I'm delighted that Anthropic has formally committed to our responsible scaling policy. We're also sharing more detail about the Long-Term Benefit Trust, which is our attempt to fine-tune our corporate governance to address the unique challenges and long-term opportunities of transformative AI.
Today, we’re publishing our Responsible Scaling Policy (RSP) – a series of technical and organizational protocols that we’re adopting to help us manage the risks of developing increasingly capable AI systems.
As AI models become more capable, we believe that they will create major economic and social value, but will also present increasingly severe risks. Our RSP focuses on catastrophic risks – those where an AI model directly causes large scale devastation. Such risks can come from deliberate misuse of models (for example use by terrorists or state actors to create bioweapons) or from models that cause destruction by acting autonomously in ways contrary to the intent of their designers.
Our RSP defines a framework called AI Safety Levels (ASL) for addressing catastrophic risks, modeled loosely after the US government’s biosafety level (BSL) standards for handling of dangerous biological materials. The basic idea is to require safety, security, and operational standards appropriate to a model’s potential for catastrophic risk, with higher ASL levels requiring increasingly strict demonstrations of safety.
A very abbreviated summary of the ASL system is as follows:
- ASL-1 refers to systems which pose no meaningful catastrophic risk, for example a 2018 LLM or an AI system that only plays chess.
- ASL-2 refers to systems that show early signs of dangerous capabilities – for example ability to give instructions on how to build bioweapons – but where the information is not yet useful due to insufficient reliability or not providing information that e.g. a search engine couldn’t.

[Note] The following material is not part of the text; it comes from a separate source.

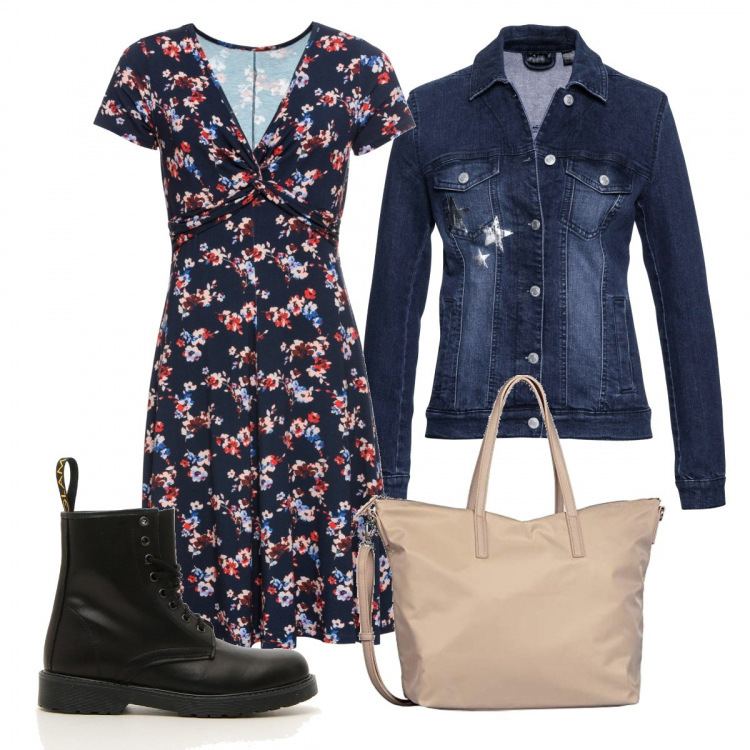 Outfit donna - Vestitino+anfibi - curvy. Stile Urban per Ufficio. Abbinamento con vestiti lunghi, giacche, shopping bag, anfibi.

Current LLMs, including Claude, appear to be ASL-2.
- ASL-3 refers to systems that substantially increase the risk of catastrophic misuse compared to non-AI baselines (e.g. search engines or textbooks) OR that show low-level autonomous capabilities.
- ASL-4 and higher (ASL-5+) is not yet defined as it is too far from present systems, but will likely involve qualitative escalations in catastrophic misuse potential and autonomy.

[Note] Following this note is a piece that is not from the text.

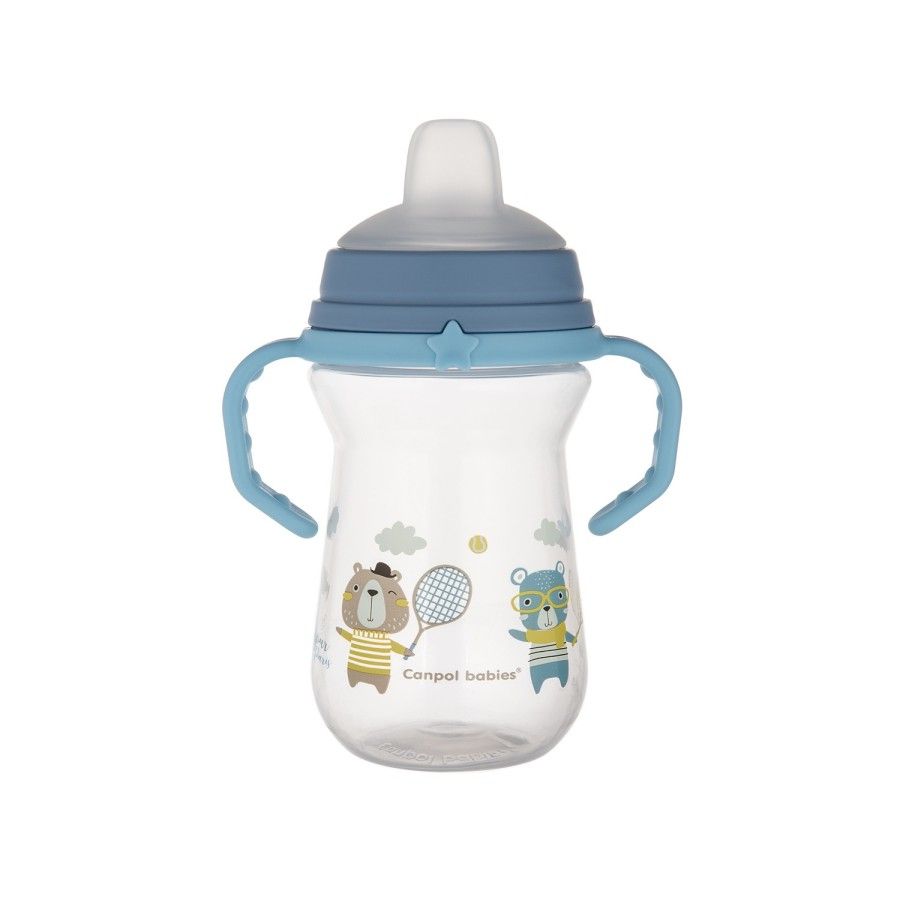Canpol babybecher mit Silikontülle FirstCup 250ml BONJOUR PARIS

The definition, criteria, and safety measures for each ASL level are described in detail in the main document, but at a high level, ASL-2 measures represent our current safety and security standards and overlap significantly with our recent White House commitments. ASL-3 measures include stricter standards that will require intense research and engineering effort to comply with in time, such as unusually strong security requirements and a commitment not to deploy ASL-3 models if they show any meaningful catastrophic misuse risk under adversarial testing by world-class red-teamers (this is in contrast to merely a commitment to perform red-teaming). Our ASL-4 measures aren’t yet written (our commitment is to write them before we reach ASL-3), but may require methods of assurance that are unsolved research problems today, such as using interpretability methods to demonstrate mechanistically that a model is unlikely to engage in certain catastrophic behaviors.

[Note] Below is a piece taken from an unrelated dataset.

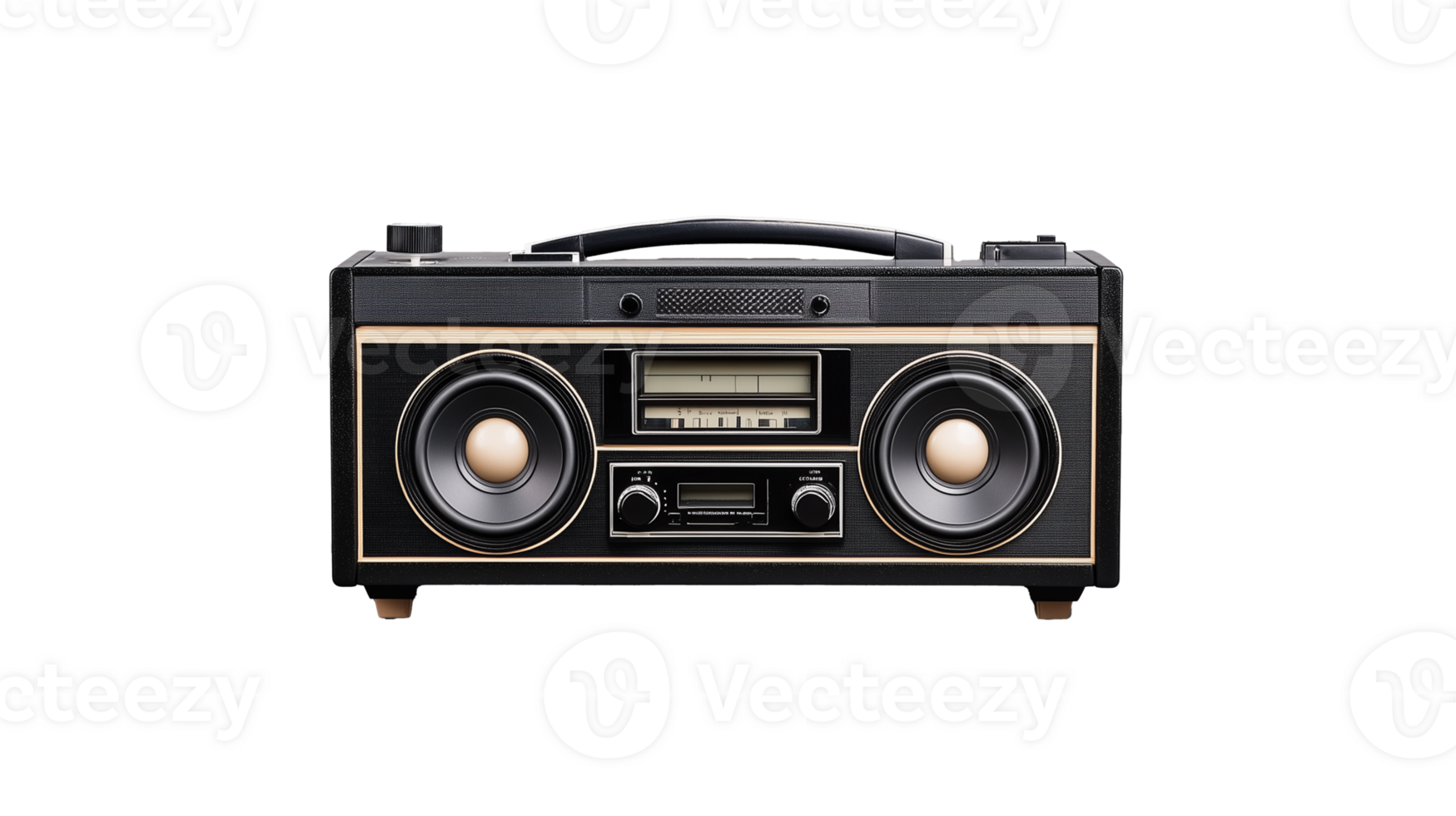 Retro cassette player with dual speakers and analog display on transparent background png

We have designed the ASL system to strike a balance between effectively targeting catastrophic risk and incentivising beneficial applications and safety progress. On the one hand, the ASL system implicitly requires us to temporarily pause training of more powerful models if our AI scaling outstrips our ability to comply with the necessary safety procedures. But it does so in a way that directly incentivizes us to solve the necessary safety issues as a way to unlock further scaling, and allows us to use the most powerful models from the previous ASL level as a tool for developing safety features for the next level.[1] If adopted as a standard across frontier labs, we hope this might create a “race to the top” dynamic where competitive incentives are directly channeled into solving safety problems.
From a business perspective, we want to be clear that our RSP will not alter current uses of Claude or disrupt availability of our products. Rather, it should be seen as analogous to the pre-market testing and safety feature design conducted in the automotive or aviation industry, where the goal is to rigorously demonstrate the safety of a product before it is released onto the market, which ultimately benefits customers.
Anthropic’s RSP has been formally approved by its board and changes must be approved by the board following consultations with the Long Term Benefit Trust. In the full document we describe a number of procedural safeguards to ensure the integrity of the evaluation process.
However, we want to emphasize that these commitments are our current best guess, and an early iteration that we will build on. The fast pace and many uncertainties of AI as a field imply that, unlike the relatively stable BSL system, rapid iteration and course correction will almost certainly be necessary.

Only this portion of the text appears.